Perhaps the most famous chatbot of all time, ChatGPT parses vast amounts of text data – millions of books, articles, Wikipedia pages, and everything else its creators have found roaming the internet. By doing so, they sometimes learned human-like conversational skills.
But what if an advanced AI could learn like a small child without having to read 80 million books or see 97 million cats? Under the patient guidance of mom and dad? , you’ve just taken your first steps to explore a brave new world. A team of researchers at New York University tried it out, and it had some success.
childhood memories
“The big thing this project speaks to is the classic debate about nurture versus nature: What is built into children and what can they gain through their experiences in the outside world?” from the New York University Data Science Center. says researcher Wai Keen Vong. To find out, Vong and his team pushed AI algorithms through the closest possible approximation to human childhood. They accomplished this by populating a database called SAYCam-S. The database is filled with first-person video footage shot with a camera strapped to a baby named Sam, recording normal baby behavior from the time he was 6 to 25 years old.th One month of his life.
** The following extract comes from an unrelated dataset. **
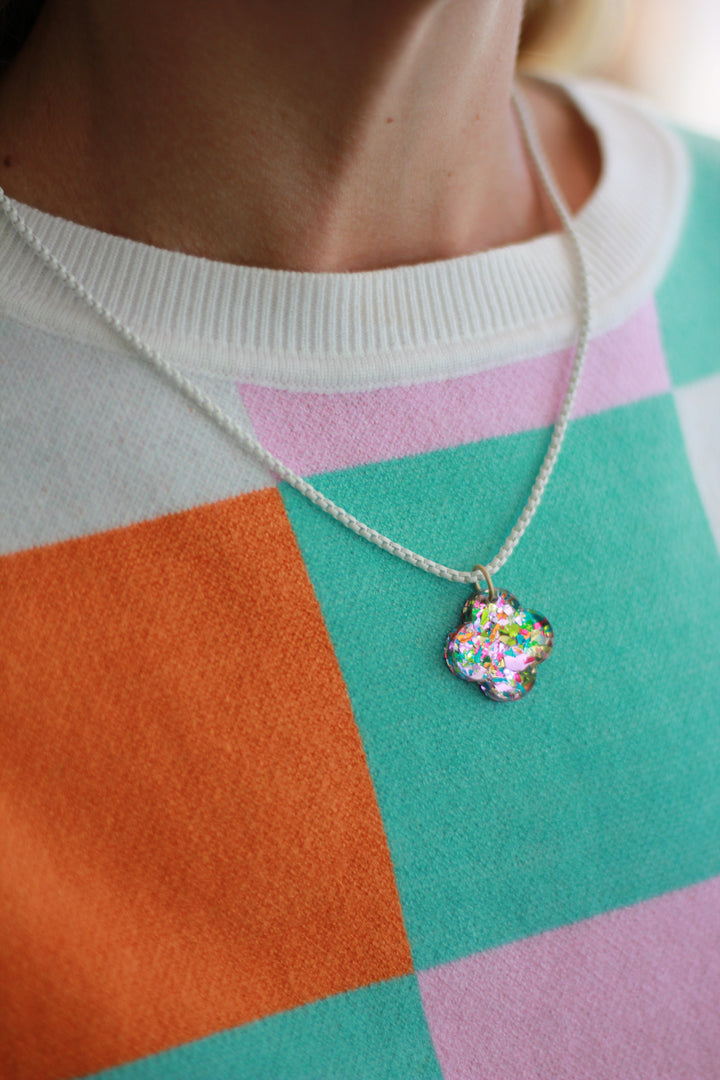 Necklace with a colorful heart pendant on a checkered fabric background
“In our research, we used a multimodal learning algorithm that processes visual input, such as frames from a camera and audio for children,” Vong explains. This algorithm was called Child’s View for Contrastive Learning (CVCL). It worked by converting images and words into descriptive vectors using visual and linguistic encoders. A neural network then analyzed these equations to find patterns and ultimately learned to associate the right images with the right words. (This was a common multimodal learning algorithm, not anything revolutionary.)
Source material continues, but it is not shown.